WHAT THIS TASK INVOLVES —
The goal is a clean copy of all the data below, with pictures dropped and everything else retyped exactly.

___ DATA TO USE

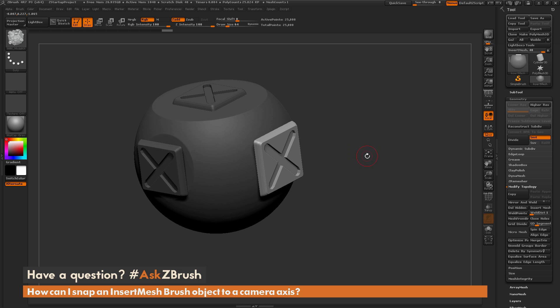So if you have any other questions related to ZBrush pipelines or processes, please use the hashtag AskZBrush on Twitter. Happy ZBrushing!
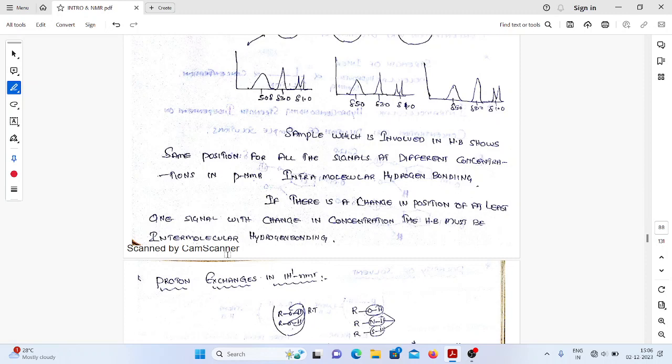In the next video, we will be discussing proton exchanges in proton NMR. Thank you.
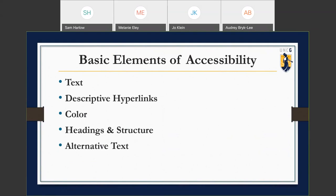Now we're going to move into covering some of the basic elements of accessibility. We're going to go over text, descriptive hyperlinks, color, headings and structure, and alternative text.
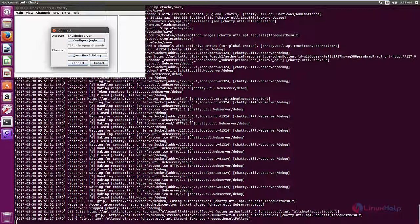In this video, we saw how to install Chatty Twitch client chat application in Ubuntu. Thank you for watching.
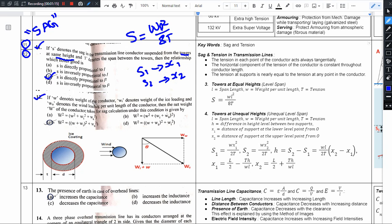Now let us see the 12th question. If W denotes the weight of the conductor, Wi denotes the weight of the ice loading, and Wa denotes the wind loading per unit length of the conductor, then the net weight W of the conductor taken for SAG calculation under this condition is given by which formula?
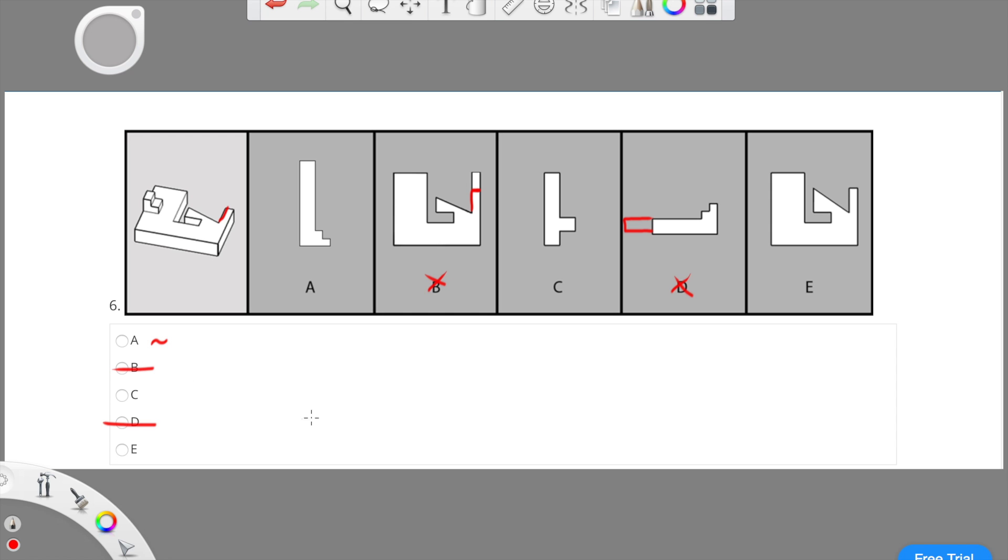Now, comparing choice E to the actual object given, we can see that the middle of the object, where the triangle is, is too big to be the actual object, because in the actual object, it's much smaller. Therefore, E is incorrect.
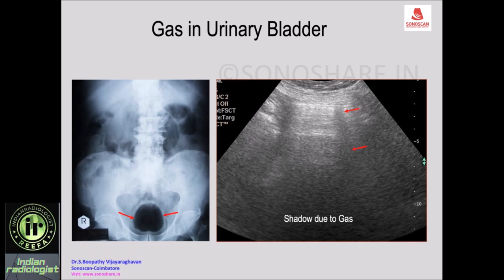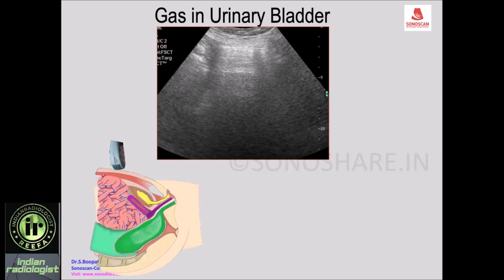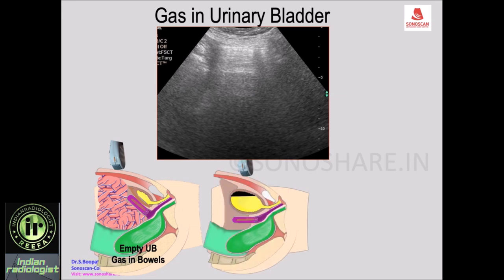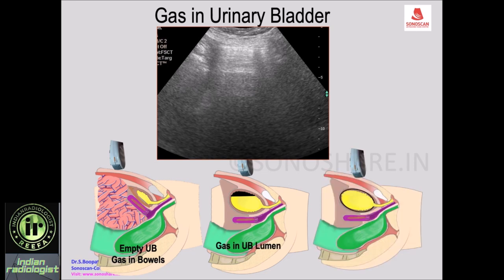We cannot differentiate this from an empty urinary bladder, with gas-filled bubbles taking the place of the urinary bladder giving the same appearance. When there is gas within the urinary bladder it also appears the same. The third condition with a similar appearance is gas within the wall of the urinary bladder, which we see in emphysematous cystitis. All three conditions produce the same picture with a dirty shadow.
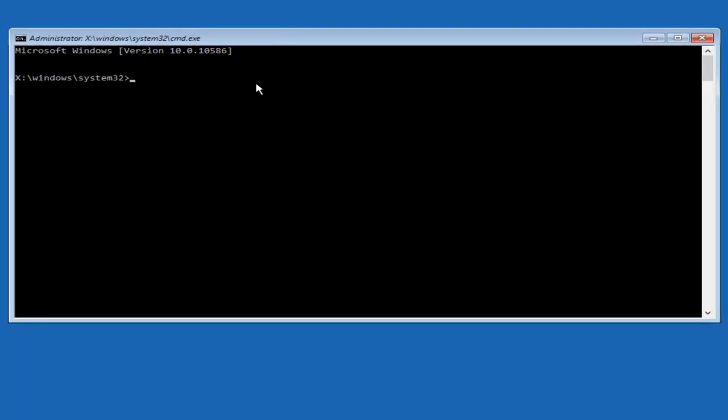So now that we have an administrative command prompt open, we're going to type in bootrec. Capital B-O-O-T-R-E-C. Then we're going to do a space forward slash fixMBR. And then we're going to hit enter on our keyboard. So we can see the operation was completed successfully.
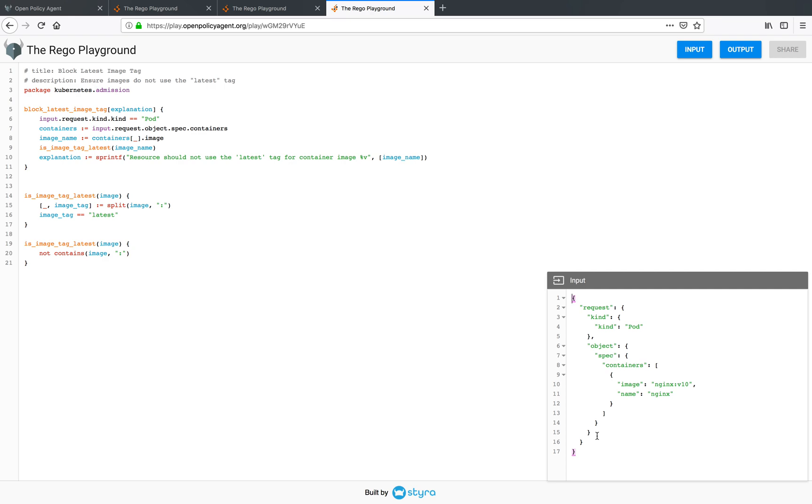So this was an introduction to the Rego Playground and a demonstration of some of its features. Please check out the playground at play.openpolicyagent.org. And I hope you enjoy writing and sharing your Rego code. Thank you.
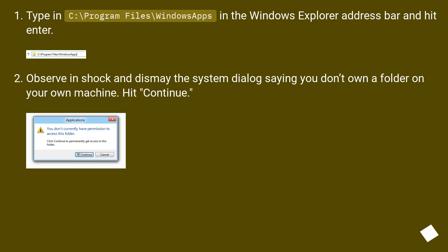Observe in shock and dismay the system dialog saying you don't own a folder on your own machine. Hit Continue.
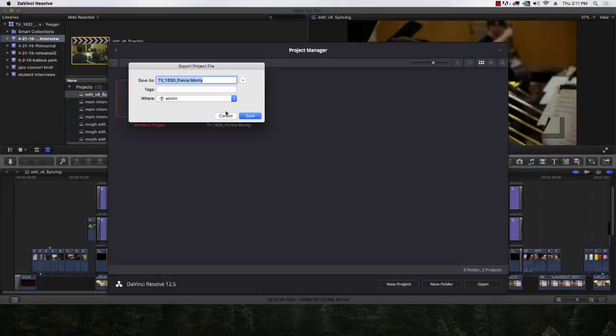DaVinci comes from the old school where it was like a server with clients, and all the data lives on the actual computer. They do make a version called DaVinci Studio which has multi-user features — you can actually connect to the computer and load it that way, launching DaVinci on an iMac in one of the edit suites and connecting to the database.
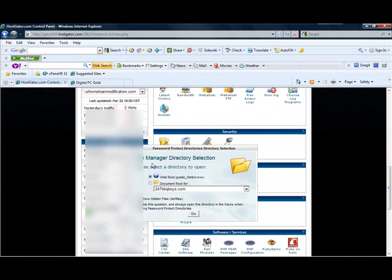It's going to come up with a File Manager Directory Selection. Make sure you click on Web Root — your public HTML. That's where your web page is. Don't use your document root. Use the web root, public HTML, www.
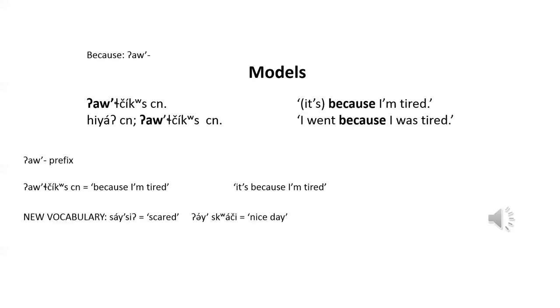New vocabulary words. Sightseed. Sightseed. Sightseed, I was scared. Then, aix kwachi. Aix kwachi. Aix kwachi, for a nice day.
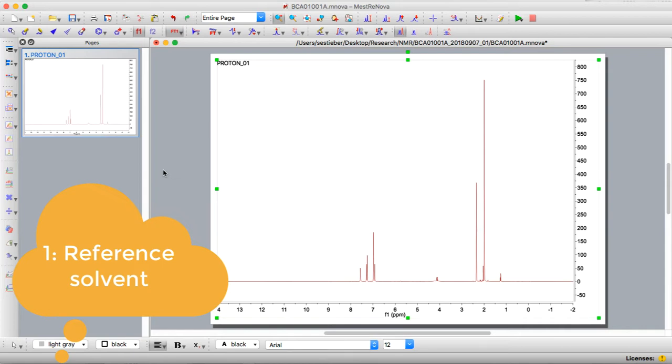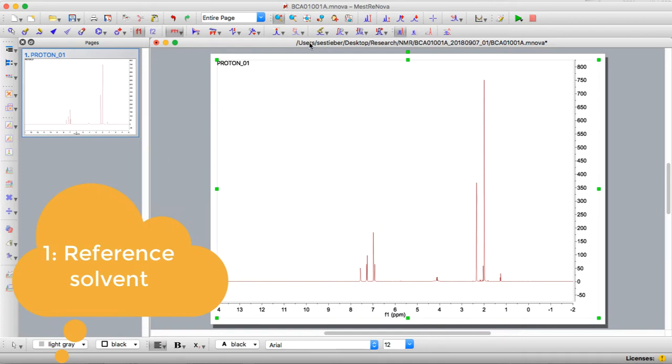This helps you determine where the actual peaks are in relation to whatever deuterated solvent you used. Remember deuterated solvents have a small component of protonated solvent, and so what we're actually referencing to is the protonated component of the deuterated solvent.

______

ANSWER —
So if you have any other questions related to ZBrush pipelines or processes, please use the hashtag AskZBrush on Twitter. Happy ZBrushing!
In the next video, we will be discussing proton exchanges in proton NMR. Thank you.
Now we're going to move into covering some of the basic elements of accessibility. We're going to go over text, descriptive hyperlinks, color, headings and structure, and alternative text.
In this video, we saw how to install Chatty Twitch client chat application in Ubuntu. Thank you for watching.
Now let us see the 12th question. If W denotes the weight of the conductor, Wi denotes the weight of the ice loading, and Wa denotes the wind loading per unit length of the conductor, then the net weight W of the conductor taken for SAG calculation under this condition is given by which formula?
Now, comparing choice E to the actual object given, we can see that the middle of the object, where the triangle is, is too big to be the actual object, because in the actual object, it's much smaller. Therefore, E is incorrect.
We cannot differentiate this from an empty urinary bladder, with gas-filled bubbles taking the place of the urinary bladder giving the same appearance. When there is gas within the urinary bladder it also appears the same. The third condition with a similar appearance is gas within the wall of the urinary bladder, which we see in emphysematous cystitis. All three conditions produce the same picture with a dirty shadow.
So now that we have an administrative command prompt open, we're going to type in bootrec. Capital B-O-O-T-R-E-C. Then we're going to do a space forward slash fixMBR. And then we're going to hit enter on our keyboard. So we can see the operation was completed successfully.
So this was an introduction to the Rego Playground and a demonstration of some of its features. Please check out the playground at play.openpolicyagent.org. And I hope you enjoy writing and sharing your Rego code. Thank you.
Observe in shock and dismay the system dialog saying you don't own a folder on your own machine. Hit Continue.
DaVinci comes from the old school where it was like a server with clients, and all the data lives on the actual computer. They do make a version called DaVinci Studio which has multi-user features — you can actually connect to the computer and load it that way, launching DaVinci on an iMac in one of the edit suites and connecting to the database.
It's going to come up with a File Manager Directory Selection. Make sure you click on Web Root — your public HTML. That's where your web page is. Don't use your document root. Use the web root, public HTML, www.
New vocabulary words. Sightseed. Sightseed. Sightseed, I was scared. Then, aix kwachi. Aix kwachi. Aix kwachi, for a nice day.
This helps you determine where the actual peaks are in relation to whatever deuterated solvent you used. Remember deuterated solvents have a small component of protonated solvent, and so what we're actually referencing to is the protonated component of the deuterated solvent.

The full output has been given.